# Bletchley Park - April 2013



## PaulPowers (Apr 3, 2013)

The work to restore the other huts is well under way so you need to be a bit stealthy to get past the builders but once inside there are no issues 

Considering the history of the site it's amazing to think that sections are still in a derelict state 



> During the Second World War, Bletchley Park was the site of the United Kingdom's main decryption establishment, the Government Code and Cypher School (GC&CS), where ciphers and codes of several Axis countries were decrypted, most importantly the ciphers generated by the German Enigma and Lorenz machines. It also housed a secret radio intercept station, and also a message sending station, although interception was soon moved to a location with better reception. "Station X", "London Signals Intelligence Centre" and "Government Communications Headquarters" were all cover names that were used during the war, and the latter (GCHQ) was adopted for the successor peacetime organisation that still bears this name



I enjoyed my visit so much I walked in and made a fiver donation to the guy on the desk before I left

I hope the restoration work is sympathetic


----------



## Munchh (Apr 3, 2013)

This is such a quality site Paul. Steeped in history of the most desperate kind. I'd defy anyone to visit and not be moved.

Good to see, thanks


----------



## UrbanX (Apr 3, 2013)

Wow, lovely stuff, must pop in when I'm passing. Great pics as usual sir!


----------



## Sshhhh... (Apr 3, 2013)

Great pics and interesting place


----------



## PaulPowers (Apr 3, 2013)

UrbanX said:


> Wow, lovely stuff, must pop in when I'm passing. Great pics as usual sir!

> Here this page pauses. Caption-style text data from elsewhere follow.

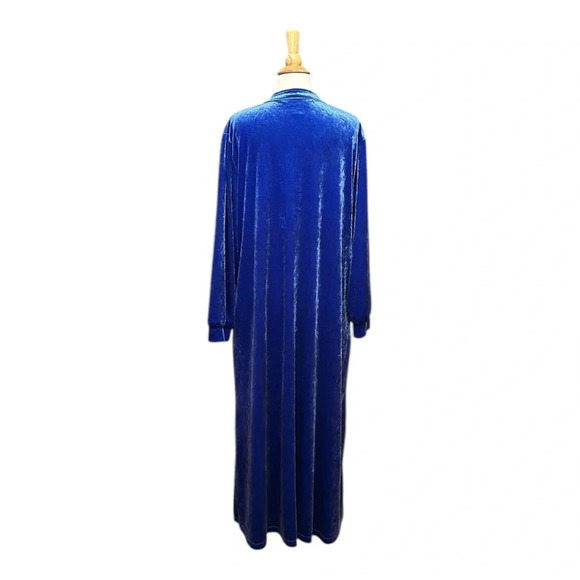 The Vermont Country Store Blue Velour Robe Long Length Crushed Velvet, Small - Picture 8 of 14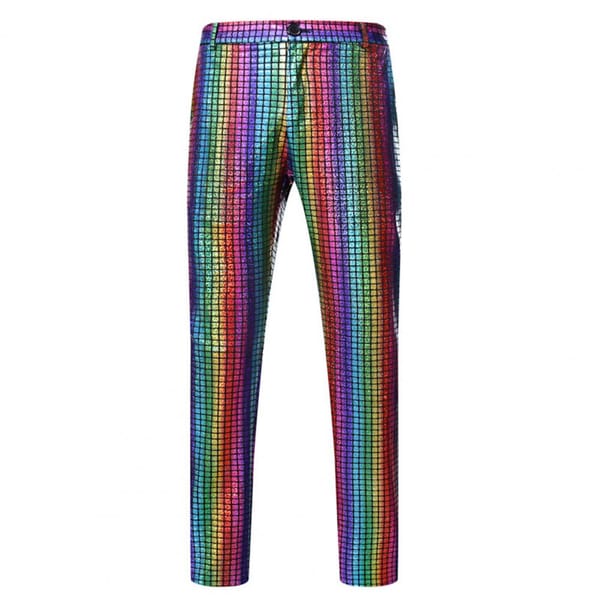 Men Solid Pants High-quality Casual Pants for Men Sparkling Men's Disco Pants Rainbow Sequin Trousers for Nightclub Dj Stage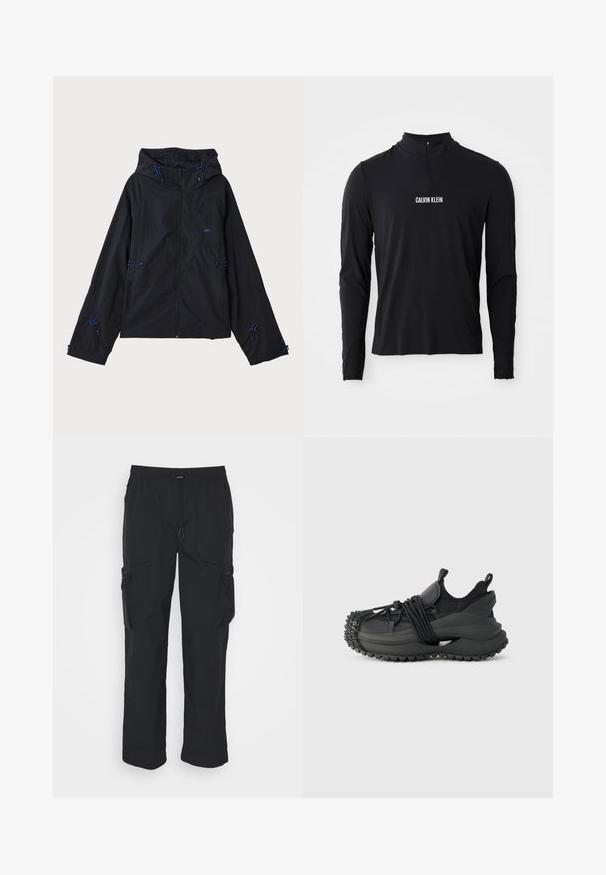 Schwarze leichte Jacke mit Kapuze, ausgestattet mit blauen Akzenten, Kordelzügen und einem Reißverschluss. Hergestellt aus wasserabweisendem Material.; Schwarzes Langarmoberteil mit hohem Kragen, ausgestattet mit einem Viertel-Reißverschluss und weißem "CALVIN KLEIN" Logo auf der Vorderseite. Glatter, elastischer Stoff.; Schwarze Cargo-Hosen aus gewebtem Stoff. Mit verstellbarem Bund, Seitentaschen und zwei Utility-Taschen mit Reißverschlüssen.; Emporio Armani Sneaker low - black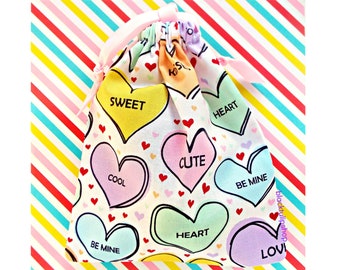 Kawaii Pastel Hearts Pouch Candy Hearts Drawstring Bags Gift Bag Fairy Kei Pastel Goth Kawaii Small Bags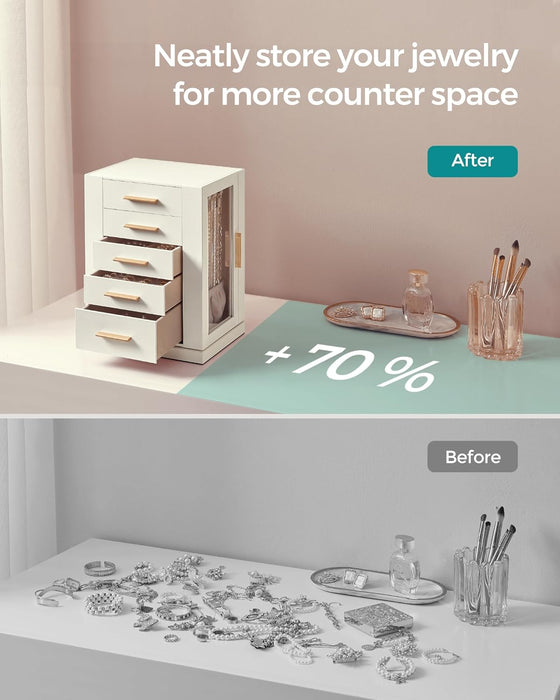 Jewelry Box Organizer, 360° Rotating, 5 Drawers, Cloud White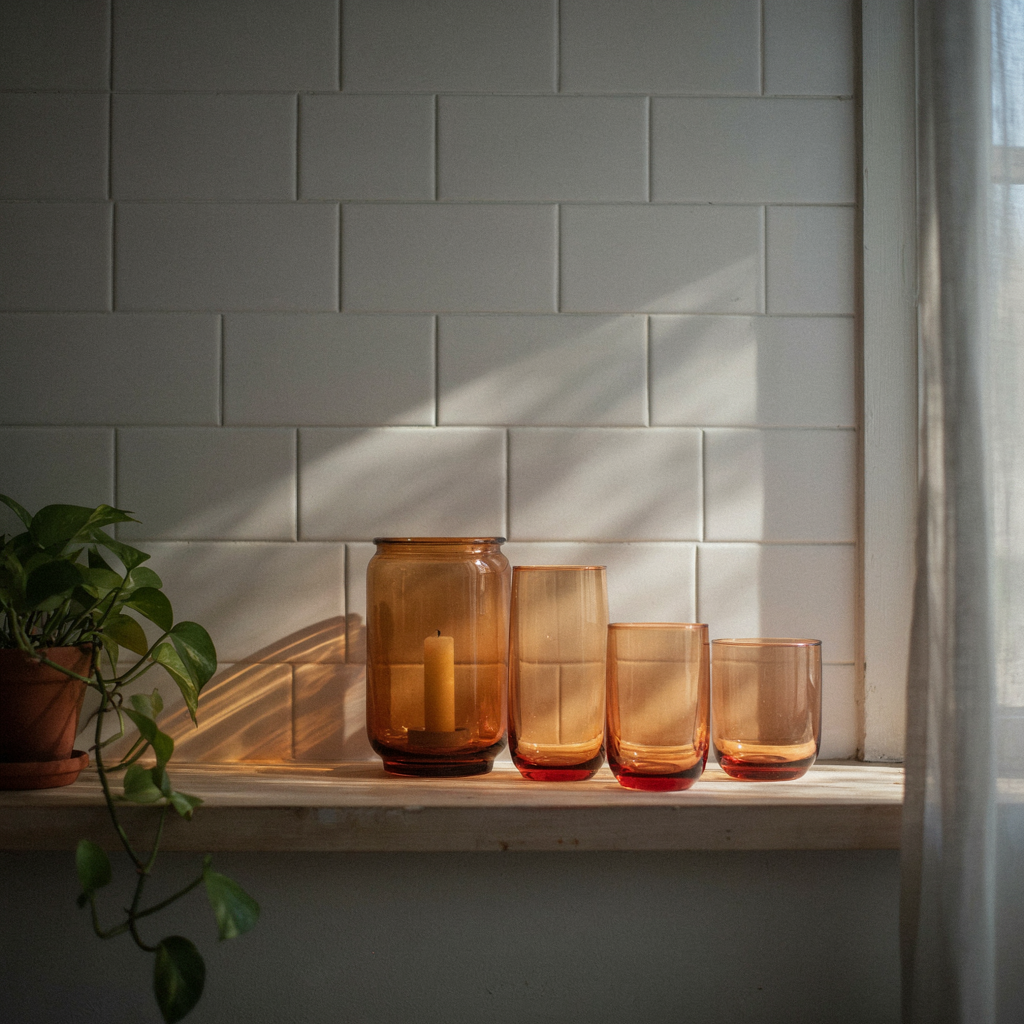 Cluster of amber glass hurricane candle holders, a must-have piece when curating 8 fall home accessories to shop and style.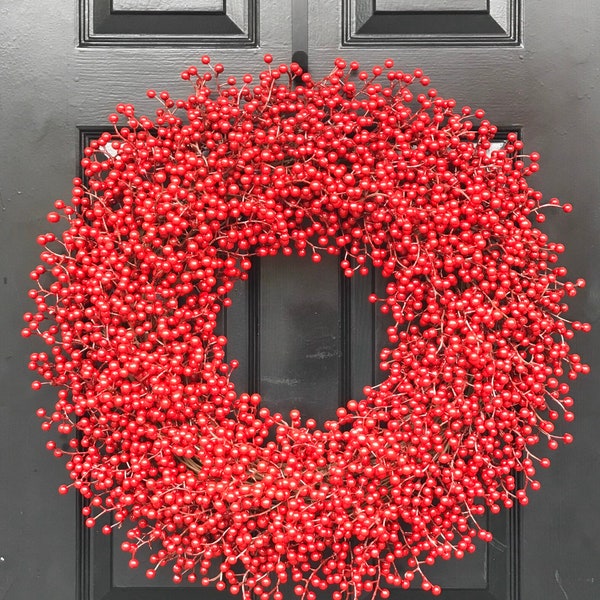 Winter Wreath, Christmas Wreath,Front Door Window Red Berry Wreath, Christmas Wreath-  Featured in Better Homes and Gardens Magazine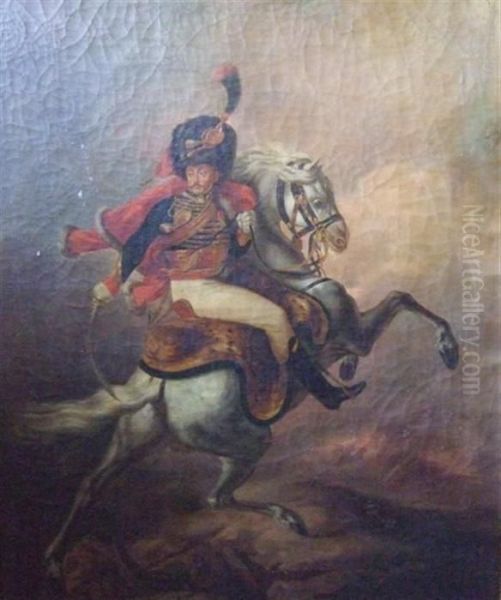 Cavalier Hussard Oil Painting by Theodore Gericault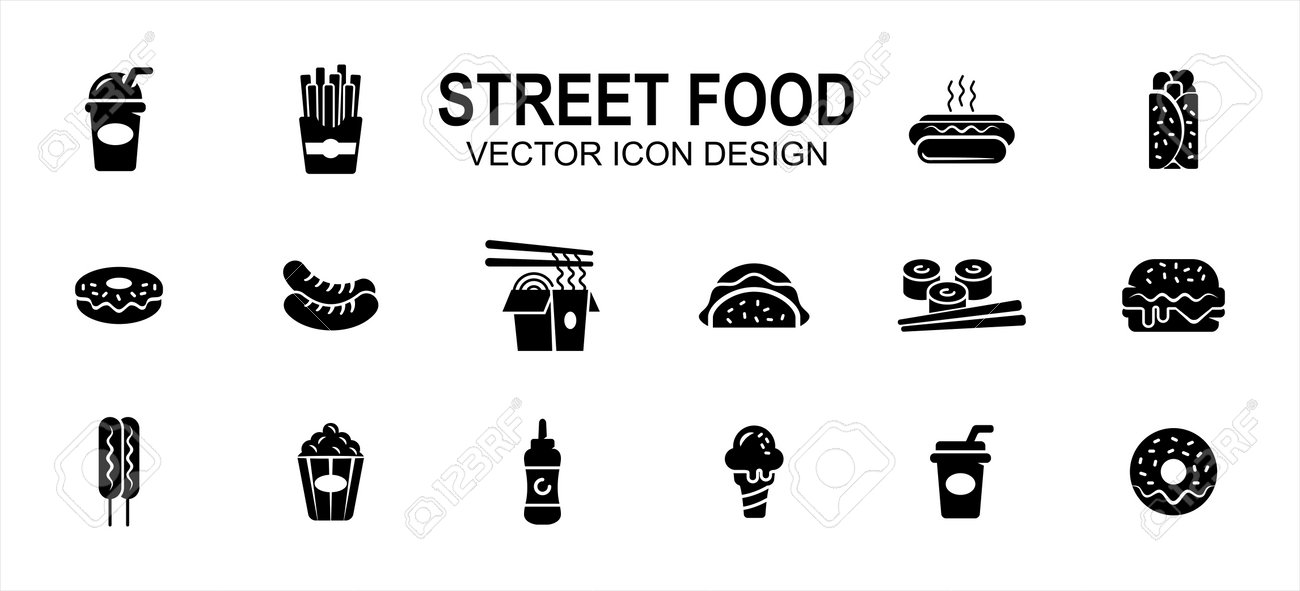 Street food culinary related vector icon user interface graphic design. Contains such icons as drink, beverage, fries, hot dog, taco, kebab, donuts, sausage, noodle, sushi, burger, ice cream, soda - 169744595 Street food culinary related vector icon user interface graphic design. Contains such icons as drink, beverage, fries, hot dog, taco, kebab, donuts, sausage, noodle, sushi, burger, ice cream, soda - 169744595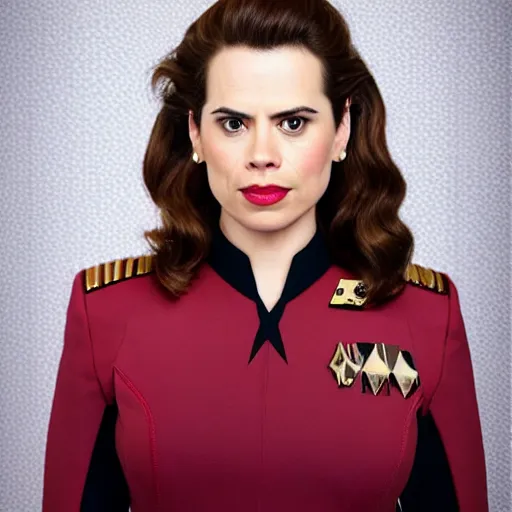 Image similar to a beautiful full body photograph of hayley atwell as a star fleet officer from star trek next generation, full dress uniform, symmetrical face, extreme realism and detail, 8 k, completely framed, direct lighting, 3 5 mm photo, photorealistic, sharp focus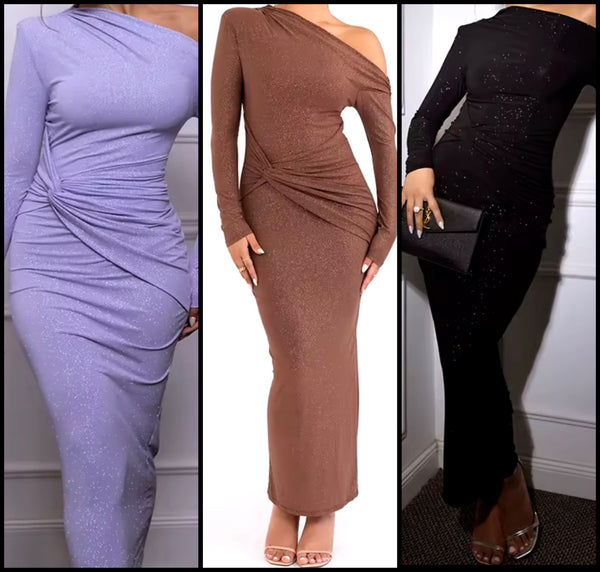 Women Sexy Sparkle One Shoulder Full Sleeve Maxi Dress
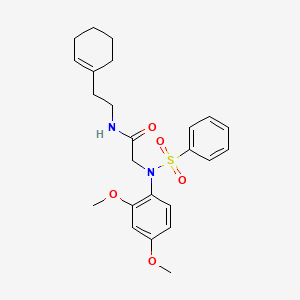 molecular formula C24H30N2O5S B4849370 N~1~-[2-(1-cyclohexen-1-yl)ethyl]-N~2~-(2,4-dimethoxyphenyl)-N~2~-(phenylsulfonyl)glycinamide 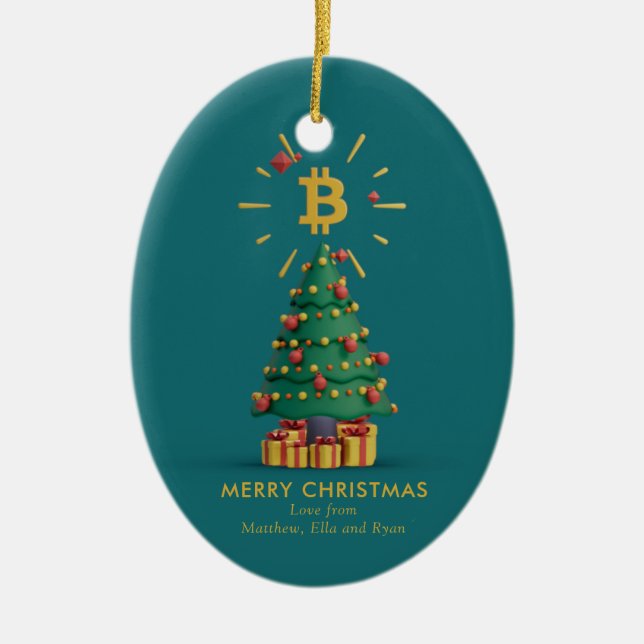Ornamento De Cerâmica Nome Personalizado de Criptomoeda de Natal Merry (Frente)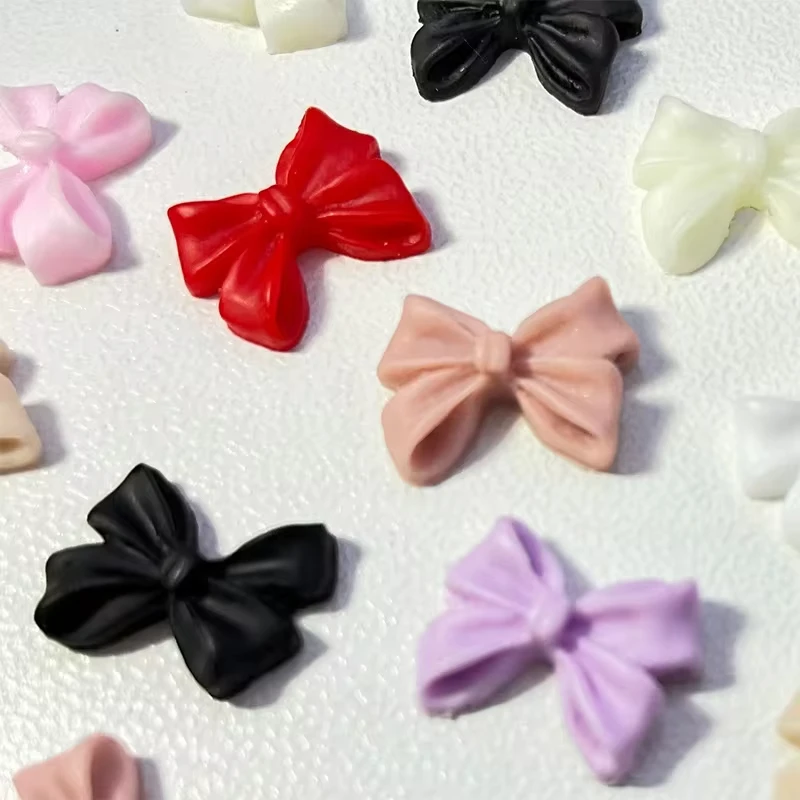100pcs 무작위 혼합 수지 Bowknot 활 다채로운 3D 네일 아트 장식 아크릴 손톱에 대 한 매력 스 터 드 쥬얼리 DIY 매니큐어 팁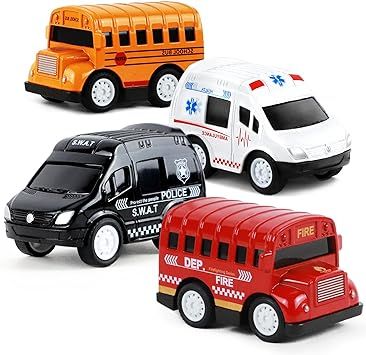 Hot Toddler Toys 4-Pack Die-Cast Vehicles, Pull Back Cars Wheels Playset Including School Bus, Am... | Amazon (US)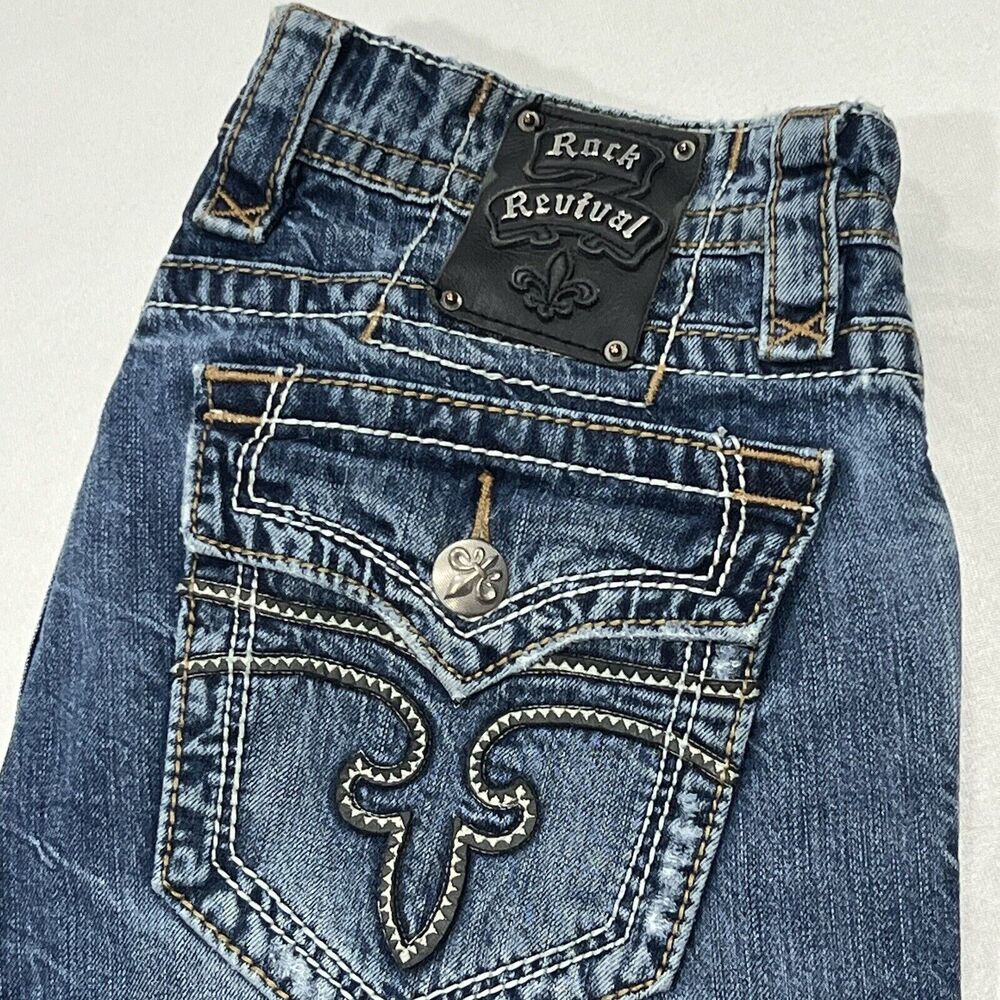 Rock Revival Men’s Straight Jeans in Distressed Blue with Tan Stitching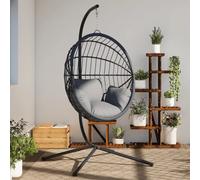 Support de chaise suspendu en forme d'œuf sans panier, balançoires de Patio en acier noir pour l'extérieur pour l'arrière-cour avec enfants, mobilier d'extérieur Fuchsia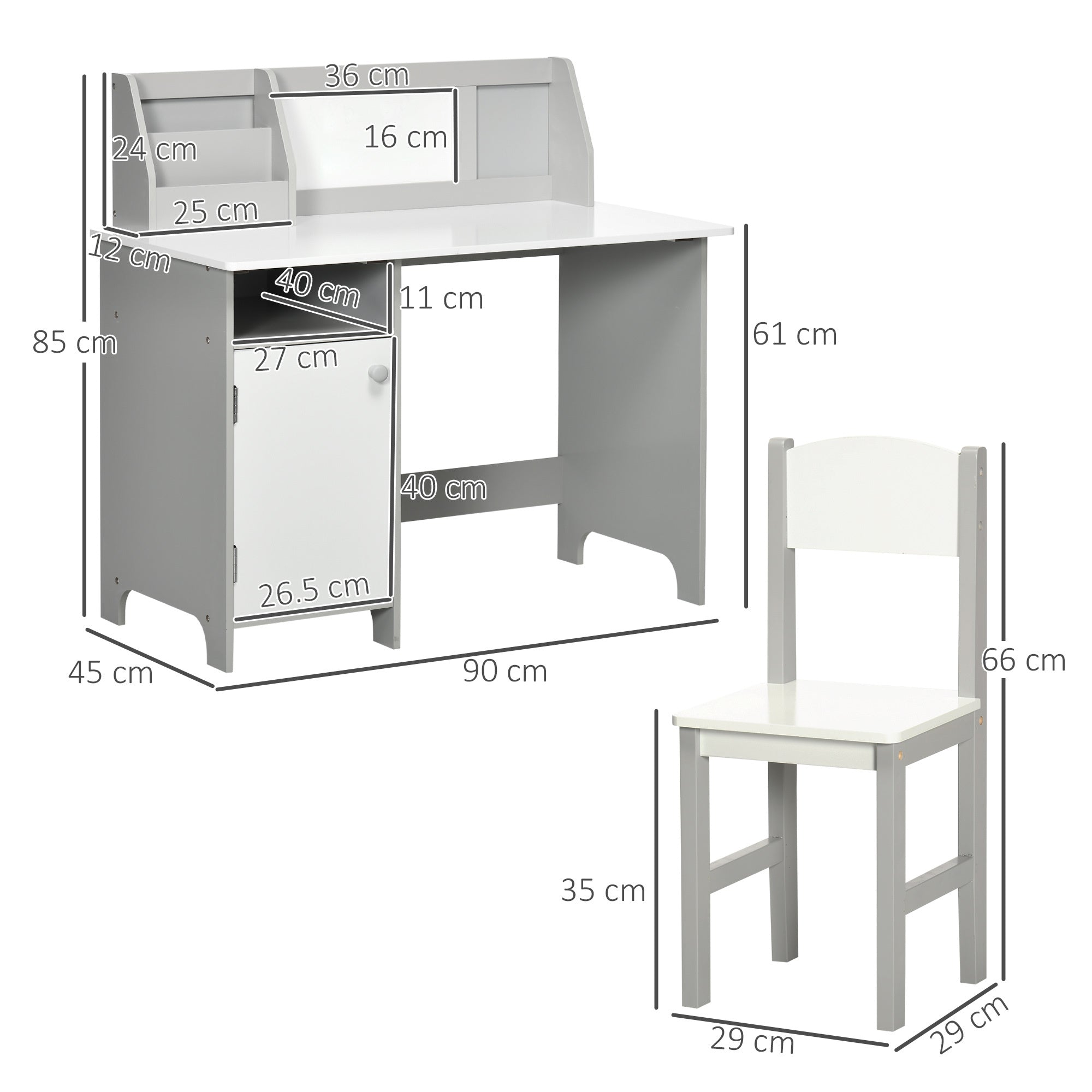 Qaba Toddler Desk and Chair Set | Kids Writing Desk w/ Whiteboard and amp; Storage (Gray)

The work on restoring the sheds is well under way so it's worth getting down soon


----------



## RichardH (Apr 3, 2013)

UrbanX said:


> Wow, lovely stuff, must pop in when I'm passing. Great pics as usual sir!



Please do. The gate receipts are practically the only income they have to keep the place open.


----------



## Asylum Sneaker (Apr 4, 2013)

Good report, nice pics. recently spent the afternoon in there myself, its an interesting explore.


----------



## UE-OMJ (Apr 4, 2013)

Nice one. I'd always planned a trip here one day too.


----------



## flyboys90 (Apr 4, 2013)

Just amazing what was achieved here,great report.


----------



## MrGruffy (Jun 1, 2013)

I didn't realise the place was so neglected ,nice to see it and know it's being renovated.


----------



## Bunker Bill (Jun 1, 2013)

Great stuff.

I must get there soon then, my Dad to go there on many training courses when he was alive.

After the War he was with GCHQ


----------



## robbie1958 (Aug 12, 2013)

I attended a couple of training courses there when it was owned by BT. We were told that it was used during the war but none of its history was available then. if only I had known then what I now know of the place! The students had accomodation in sone of the original blocks there and although very basic by todays standards it must have been more than adequate for wartime. I hope to go back soon for a long overdue visit and must say, really looking forwards to it


----------



## Boatbird (Aug 22, 2013)

I knew someone who worked here- thanks for going so we can see what its like!


----------